Configurandosi, appunto, tali restrizioni di godimento delle proprietà esclusive come servitù reciproche, intanto può allora ritenersi che un regolamento condominiale ponga limitazioni ai poteri ed alle facoltà spettanti ai condomini sulle unità immobiliari di loro esclusiva proprietà, in quanto le medesime limitazioni siano enunciate nel regolamento in modo chiaro ed esplicito, dovendosi desumere inequivocamente dall’atto scritto, ai fini della costituzione convenzionale delle reciproche servitù, la volontà delle parti di costituire un vantaggio a favore di un fondo mediante l’imposizione di un peso o di una limitazione su un altro fondo appartenente a diverso proprietario.

Non può perciò dirsi valida una clausola del regolamento di condominio che riservi all’assemblea l’attribuzione di “autorizzare” ogni altra destinazione diversa da quelle previste nello statuto, per l’effetto di disintegrazione del diritto di proprietà da essa discendente. La costituzione della servitù, concretandosi in un rapporto di assoggettamento tra due fondi, importa una restrizione delle facoltà di godimento del fondo servente, ma tale restrizione, seppur commisurata al contenuto ed al tipo della servitù, non può mai risolversi nella totale elisione delle facoltà di disposizione del fondo servente, precludendo al titolare dello stesso ogni possibile mutamento di destinazione non gradito dalla maggioranza dei restanti condomini

L’’attore aveva residualmente lamentato pure che il convenuto aveva “installato diversi porta biancheria per stendere la stessa sulla facciata dell’edificio, in corrispondenza delle finestre del proprio appartamento” ed aveva “depositato biciclette negli spazi comuni”; ed ancora, che gli “ospiti” dell’alloggio passavano sul prato in bicicletta, danneggiandolo.

Per il Tribunale, queste condotte, peraltro provate, erano contrastanti con prescrizioni del regolamento di condominio e lesive del decoro architettonico, e, benché perpetrate dagli ospiti, erano da imputarsi al condomino convenuto. Si tratta, in realtà, di condotte irrispettose dei limiti di uso delle parti comuni, di cui all’
art. 1102 c.c., ovvero di modifiche che arrecano pregiudizio al decoro architettonico dell’edificio condominiale, limite legale parimenti compreso nel principio generale dettato da tale norma.
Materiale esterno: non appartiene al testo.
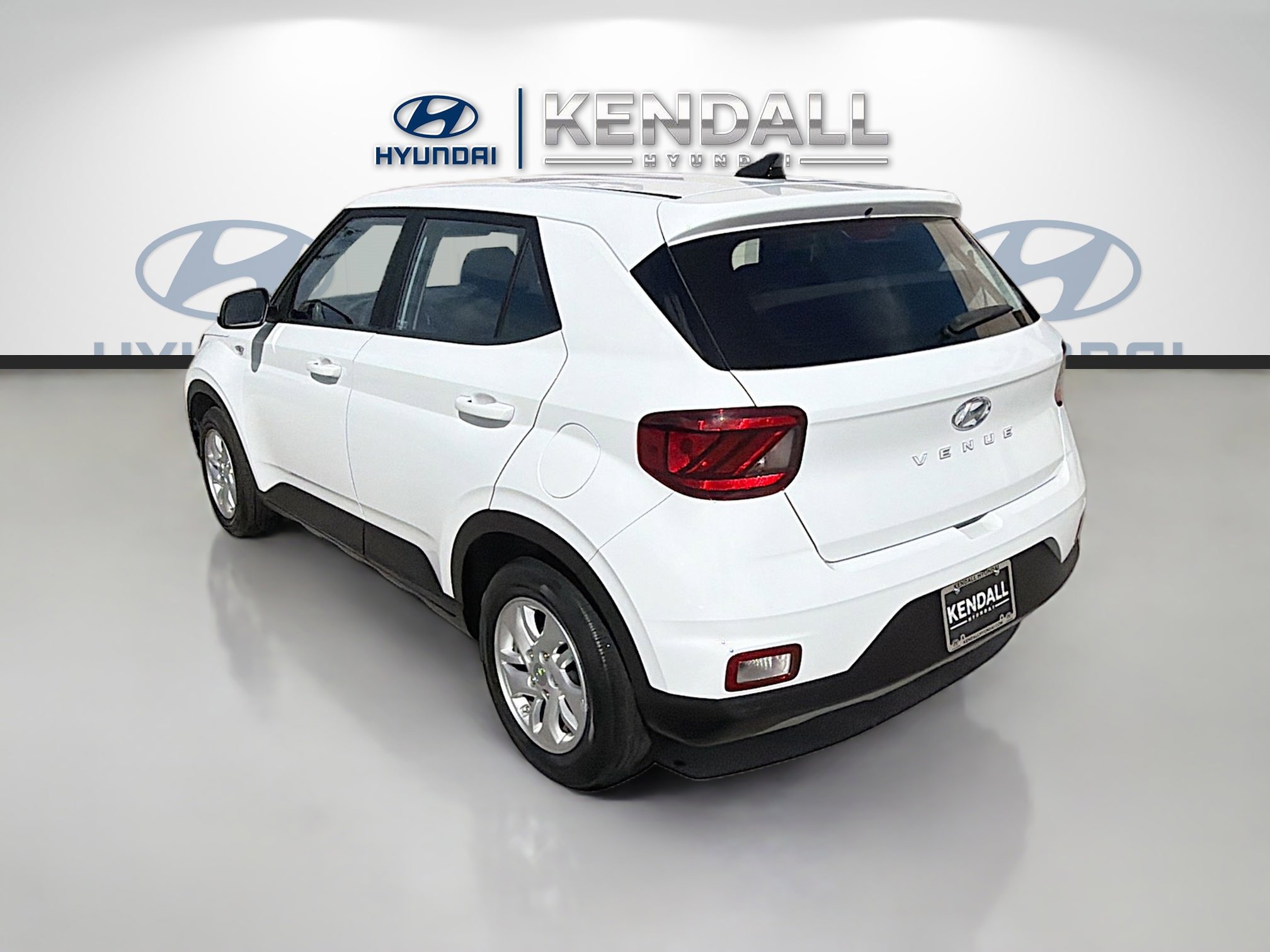 Used 2022 Hyundai Venue SE FWD image 4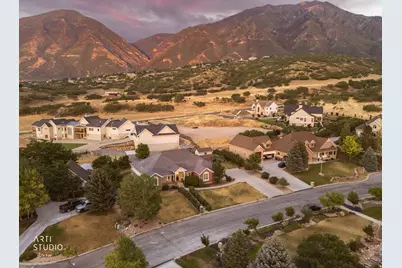 794 N Valley View Cir E, Elk Ridge, UT 84651 - Photo 63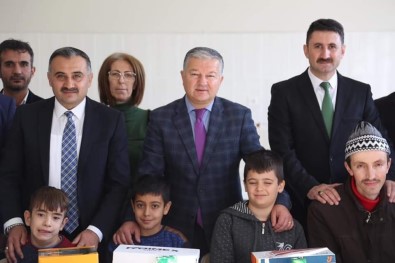 Develi Protokolü İşitme Engellileri Ziyaret Etti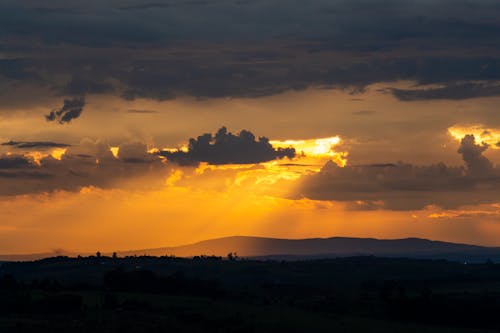 бесплатная Бесплатное стоковое фото с восход, гора, живописное небо Стоковое фото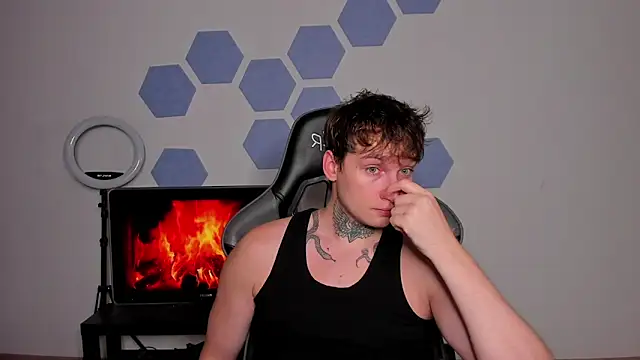 Chris Tyson online show from 10-22-25, 09:25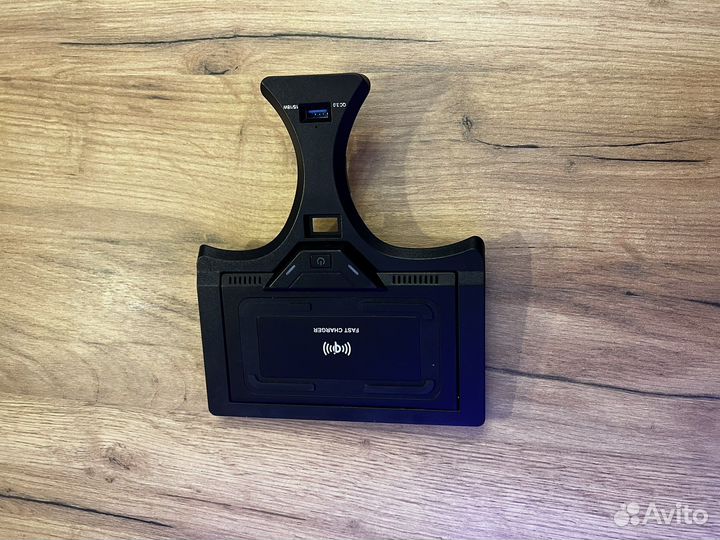 Беспроводная зарядка BMW G20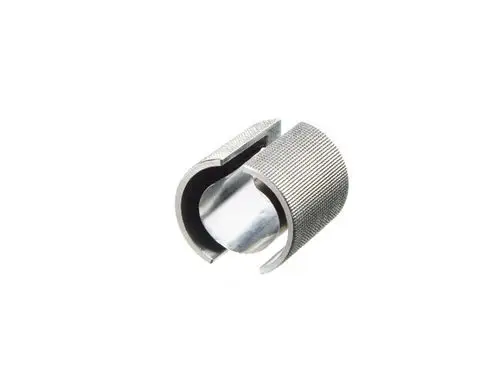 Werkzeug aus Metall mit einer geriffelten Oberfläche und einer halbkreisförmigen Aussparung, hergestellt von Fränkische, geeignet zur Anwendung im Sanitärbereich.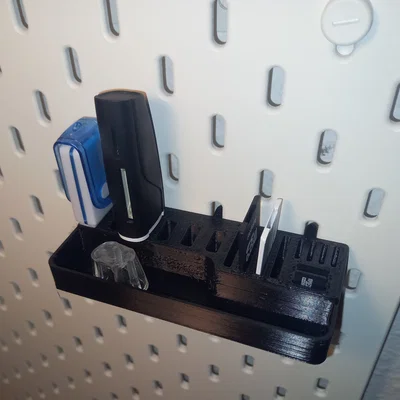 Giá treo IKEA Skadis đựng USB stick và thẻ SD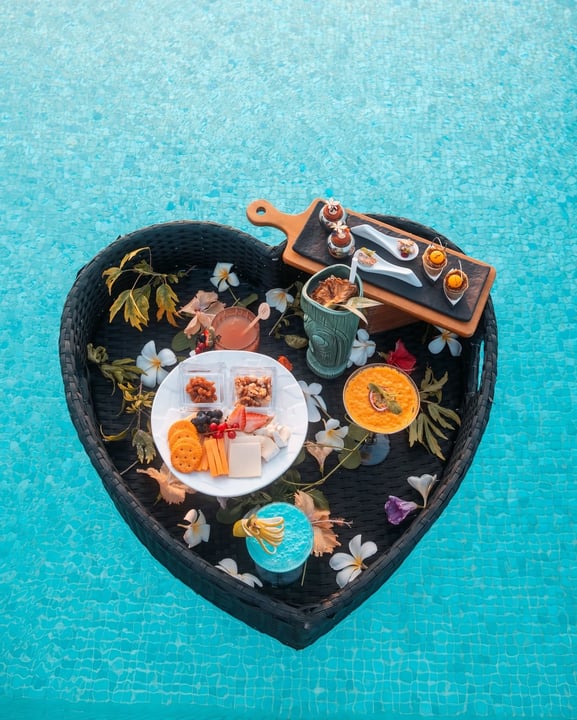 Sunset tastes better with a cocktail in hand.

Float into golden hour with refreshing sips, warm skies, and the calm of the pool surrounding you at Heritance Aarah.

#HeritanceAarah #LuxuryRedefined #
Di tali condotte è responsabile il condomino nei confronti del condominio, benché poste in essere dai conduttori ammessi al godimento della sua unità immobiliare, essendo egli tenuto non solo ad imporre contrattualmente a costoro il rispetto degli obblighi e dei divieti previsti dalla legge e dal regolamento, ma altresì a prevenirne le violazioni e a sanzionarle anche mediante la cessazione del rapporto.